Defendant next contends that the trial court erred in not sustaining his objection to comments made by plaintiff’s counsel during closing argument. When the trial court granted plaintiff’s motion to bar any evidence relating to the steering column, it was agreed that plaintiff could not capitalize on the order by referring to or challenging defendant on the inadmissible evidence. Defendant argues that plaintiff violated that agreement by making certain statements during closing argument. Defense counsel objected at trial to the following comment regarding defendant’s actions when he approached the curve in the road:

"[Defendant] was at a point in the road where *** the speed limit changed from 55 miles an hour to 40 miles an hour for the curve so he had gotten his speed down to an acceptable speed for negotiating the turn. Why not merely go through the turn at 35 miles an hour?”

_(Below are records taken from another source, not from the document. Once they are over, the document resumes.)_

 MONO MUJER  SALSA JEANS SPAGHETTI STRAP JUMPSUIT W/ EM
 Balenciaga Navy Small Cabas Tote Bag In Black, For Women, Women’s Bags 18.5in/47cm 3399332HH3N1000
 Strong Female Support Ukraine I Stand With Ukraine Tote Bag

After the parties approached the bench on defendant’s objection, plaintiff’s counsel continued his closing argument, making the following statements:

"Anyway, when he gets to the position where he is at the curve in the road and is going 35 miles an hour at a location where a 40 mile per hour is placed, he drives straight ahead.
Now, the question for you to resolve is, is that what a reasonable person would do under the circumstances. And if you decide a reasonable person traveling less than the posted speed limit and having available the ability to downshift, the ability to use an emergency brake, having available to them any other avenue of handling the car, if you feel that a reasonable person would not *142drive straight ahead into a tree and leave the roadway, then that is negligence. ***
Having met those three burdens which she has to prove — and the defense, by the way, offered no contradictory evidence on any of these, in fact offered no witnesses whatsoever ***.”

Defendant contends that the above remarks were inflammatory and capitalized on the court’s order of debarment. Defendant was unable to rebut the comments without violating the court’s order himself and now claims that the comments were so prejudicial that he was denied a fair trial.

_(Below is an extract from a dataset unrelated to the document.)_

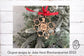 Laser Cut File - Apple Snowflake Ornament - Teacher Gift - Digital Download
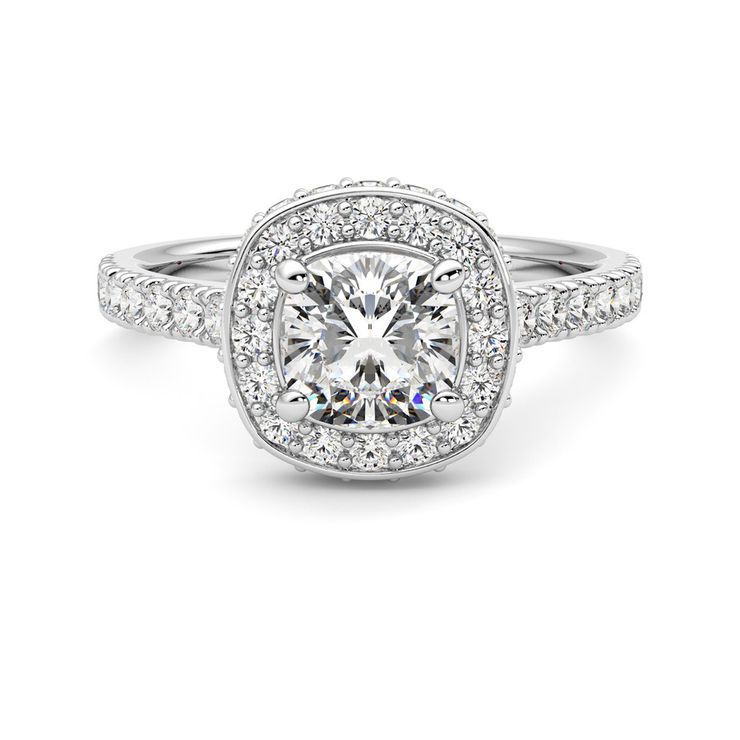 Taylor & Hart Elixir Cushion Engagement Ring 0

Improper comments generally do not constitute reversible error unless the other party has been substantially prejudiced. (Soto v. E. W. Bliss Division of Gulf & Western Manufacturing Co. (1983), 116 Ill. App. 3d 880, 892, 452 N.E.2d 572, 581.) The trial court is in a superior position to evaluate the effect of the alleged improper comments upon the jury, and its ruling will not be disturbed by a reviewing court absent an abuse of discretion. (Soto, 116 Ill. App. 3d at 892-93, 452 N.E.2d at 581.) Although plaintiff’s counsel’s comments may have been improper, we do not conclude that they prejudiced defendant to the extent that he was denied a fair trial. The trial judge was in the best position to evaluate the comments’ effect on the jury, and it determined that the comments, if improper, did not prejudice defendant. After review of the record, we do not find the trial court’s ruling to be an abuse of discretion and will not disturb it in this appeal.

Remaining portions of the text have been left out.